Sì, ok, MA INSOMMA LA SOLUZIONE?

Giustamente vi aspettate che io ora chiuda questo rantolo/lamento con una soluzione, che dica qualcosa di motivazionale tipo "dovremmo fare ritorno alla primordiale capacità umana di considerare le molteplici possibilità contenute nell'assenza di sofismo, concedendoci di tanto in tanto la libertà di decidere come gestire le situazioni senza avere tenuta la mano tutto il tempo". Ecco, l'ho fatto, potete anche smettere di leggere qui, ciao.

Sono seria. Capisco sia un'esigenza umana quella di seguire un "capo", di avere una specie di guida perché siamo animali sociali e, come i lupi o le oche dobbiamo avere qualcuno che ci dice dove andare, cosa fare, come farlo, ma è pur vero che se dobbiamo considerare il nostro essere "animali", allora non dovremmo neanche stare qui a parlare se è morale o no sbranare una persona ferita in mezzo alla strada. Diciamo che abbiamo fatto un passetto evolutivo in più e quindi ci meniamo di cazzate morali dalla mattina alla sera per fingerci migliori del gatto che abbiamo sulla sedia.

Il linguaggio lo abbiamo creato per veicolare concetti e non per dare un senso alla vita di Giacomozzi Serpentoni su Facebook (o Twitter, o qualsiasi altra piaga social usiate) che finalmente può sfogare la sua frustrazione insultando chiunque non parla come lui.

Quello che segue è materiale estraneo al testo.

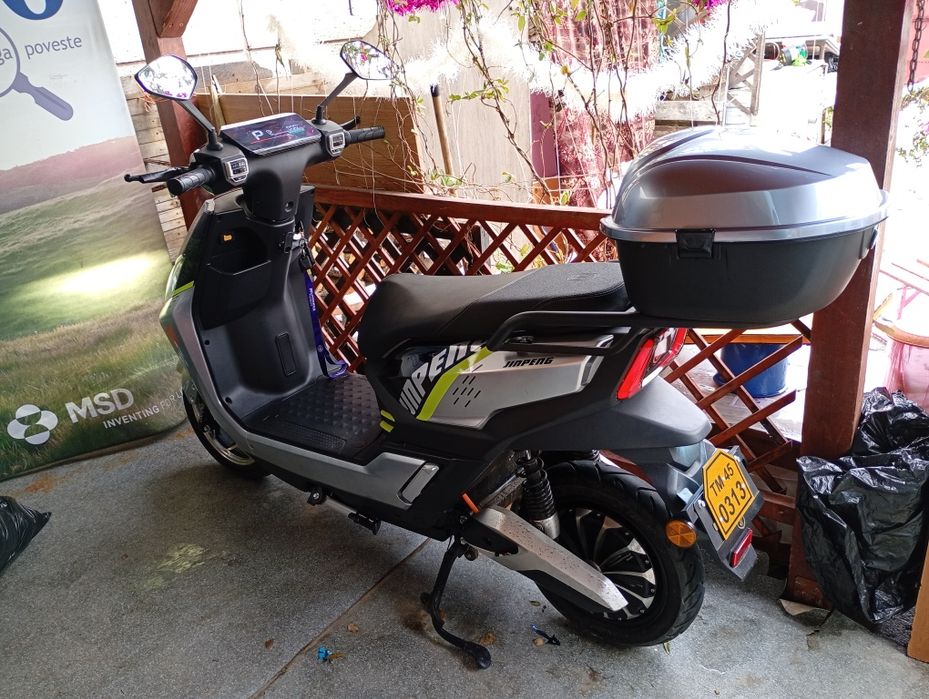 Vând scuter electric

Ora, poi, che mi diciate anche come parlare, che mi dite che usare la schwa (questo simbolo satanico qui Ə che stiamo usando invece del latino neutro, mannaggia a voi) è uno "statement politico" (detto così proprio, col termine inglese, anche con un po' di puzza sotto al naso) a me non solo non sta bene, ma mi fa girare il culo, perché il secondo prima state lì a riparare in maniera molto utile i tubi che perdono di un impianto idrico nel mio condominio e l'attimo dopo mi fate i Noam Chomsky della situazione. Ve lo dico proprio così, come mi viene dal cuore, a patto di perdere la stima dei moralisti e dei puristi che leggeranno questo pezzo, nel pieno rispetto della lingua italiana sacra: 'ncacatercazzo che magari domattina vi svegliate morti.